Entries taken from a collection

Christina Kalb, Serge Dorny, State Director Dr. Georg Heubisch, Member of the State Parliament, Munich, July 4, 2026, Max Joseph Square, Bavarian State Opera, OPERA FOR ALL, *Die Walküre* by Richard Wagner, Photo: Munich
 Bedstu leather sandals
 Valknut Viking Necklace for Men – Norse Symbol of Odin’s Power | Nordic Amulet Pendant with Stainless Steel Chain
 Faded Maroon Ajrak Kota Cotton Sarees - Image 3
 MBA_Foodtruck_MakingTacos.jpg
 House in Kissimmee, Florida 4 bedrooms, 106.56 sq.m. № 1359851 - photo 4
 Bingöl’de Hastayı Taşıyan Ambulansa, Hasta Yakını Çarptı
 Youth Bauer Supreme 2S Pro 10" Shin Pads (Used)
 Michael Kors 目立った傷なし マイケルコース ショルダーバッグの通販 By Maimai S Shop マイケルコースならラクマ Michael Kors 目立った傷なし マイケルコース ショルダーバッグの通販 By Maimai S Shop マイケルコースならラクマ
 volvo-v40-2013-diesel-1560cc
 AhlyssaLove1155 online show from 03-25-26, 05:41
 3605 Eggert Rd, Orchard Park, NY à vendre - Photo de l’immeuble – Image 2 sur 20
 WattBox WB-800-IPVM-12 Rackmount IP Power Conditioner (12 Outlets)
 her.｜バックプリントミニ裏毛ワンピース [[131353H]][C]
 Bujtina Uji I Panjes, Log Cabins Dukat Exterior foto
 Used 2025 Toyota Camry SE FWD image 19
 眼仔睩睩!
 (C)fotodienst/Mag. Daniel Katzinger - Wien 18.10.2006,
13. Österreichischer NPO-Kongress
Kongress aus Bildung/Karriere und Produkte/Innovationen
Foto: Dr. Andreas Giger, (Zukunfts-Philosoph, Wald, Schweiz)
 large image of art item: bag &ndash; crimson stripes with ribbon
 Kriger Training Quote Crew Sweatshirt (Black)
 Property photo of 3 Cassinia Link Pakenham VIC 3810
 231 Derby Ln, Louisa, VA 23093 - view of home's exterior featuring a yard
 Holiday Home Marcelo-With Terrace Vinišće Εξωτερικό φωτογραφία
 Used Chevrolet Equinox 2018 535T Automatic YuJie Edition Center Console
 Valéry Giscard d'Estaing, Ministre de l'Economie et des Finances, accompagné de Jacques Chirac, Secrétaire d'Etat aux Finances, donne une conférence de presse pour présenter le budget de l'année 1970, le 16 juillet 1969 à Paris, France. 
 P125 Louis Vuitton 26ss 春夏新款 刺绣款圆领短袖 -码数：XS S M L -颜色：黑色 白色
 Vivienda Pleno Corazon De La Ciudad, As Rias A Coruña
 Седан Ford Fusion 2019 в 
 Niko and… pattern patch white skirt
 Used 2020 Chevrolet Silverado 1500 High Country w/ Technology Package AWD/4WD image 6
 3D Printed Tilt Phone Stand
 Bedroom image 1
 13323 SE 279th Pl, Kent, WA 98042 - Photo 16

#### What is expected
Only these are to be transcribed: the line with "Niko and… pattern patch white skirt" and every line after it through the last line of the entries, each exactly.

#### Answer to the exercise
 Niko and… pattern patch white skirt
 Used 2020 Chevrolet Silverado 1500 High Country w/ Technology Package AWD/4WD image 6
 3D Printed Tilt Phone Stand
 Bedroom image 1
 13323 SE 279th Pl, Kent, WA 98042 - Photo 16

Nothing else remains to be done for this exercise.